■ **WHAT YOU ARE ASKED TO DO**
Every entry is to be reproduced word for word, but the images are not.

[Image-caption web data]
====================

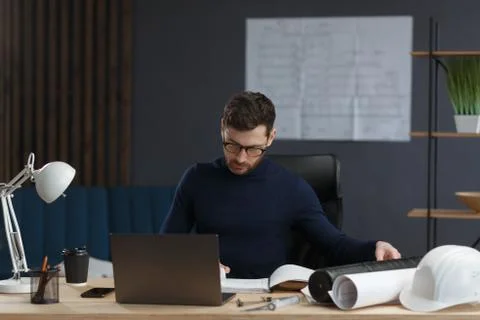 Architect working in office with blueprints.Engineer inspect architectural plan Stock-Fotos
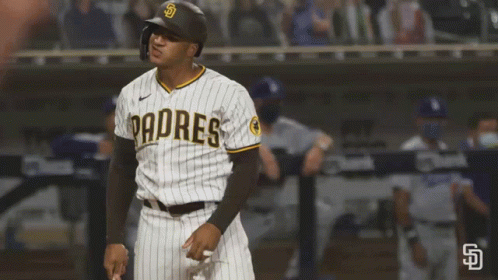 A Padres Baseball Player Wearing A Helmet Stands On The Field GIF
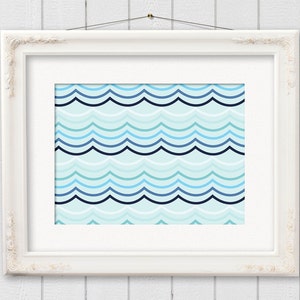 May include: A framed print featuring a repeating wave pattern in shades of blue and teal. The artwork is displayed in a white, ornate frame, hanging against a white wooden background. The design evokes a nautical or coastal theme.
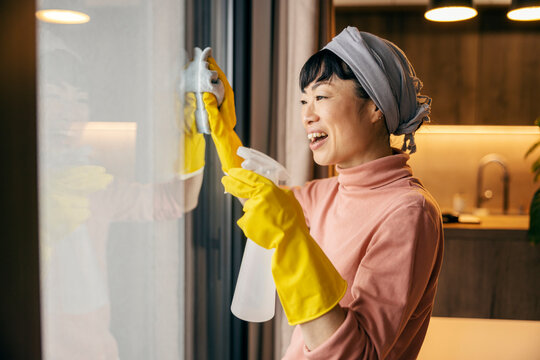 A worthy asian maid cleaning window at home with cloth and detergent.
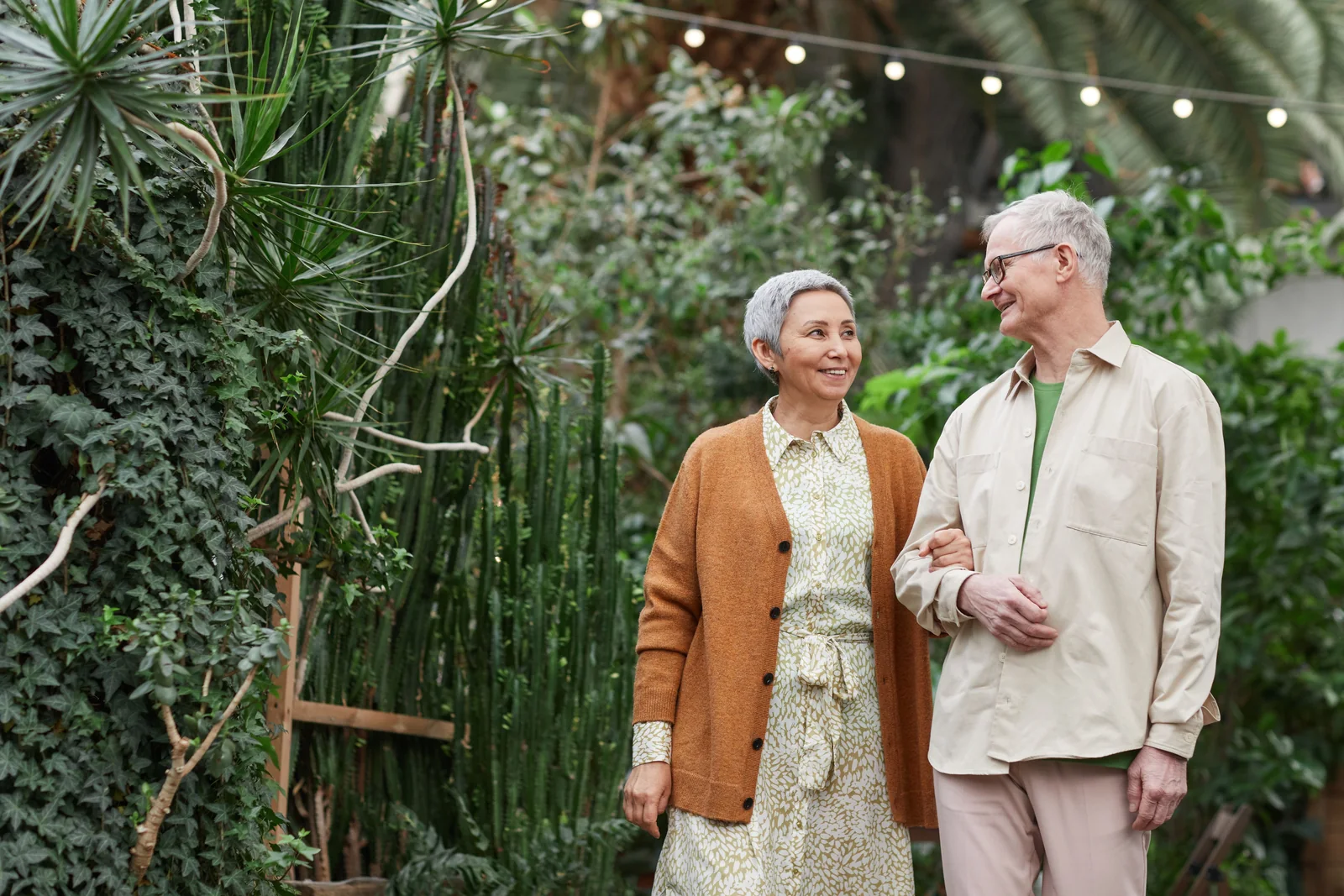 An older couple strolling arm in arm through a garden conservatory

====================

■ **RESULT**
 Architect working in office with blueprints.Engineer inspect architectural plan Stock-Fotos
 A Padres Baseball Player Wearing A Helmet Stands On The Field GIF
 May include: A framed print featuring a repeating wave pattern in shades of blue and teal. The artwork is displayed in a white, ornate frame, hanging against a white wooden background. The design evokes a nautical or coastal theme.
 A worthy asian maid cleaning window at home with cloth and detergent.
 An older couple strolling arm in arm through a garden conservatory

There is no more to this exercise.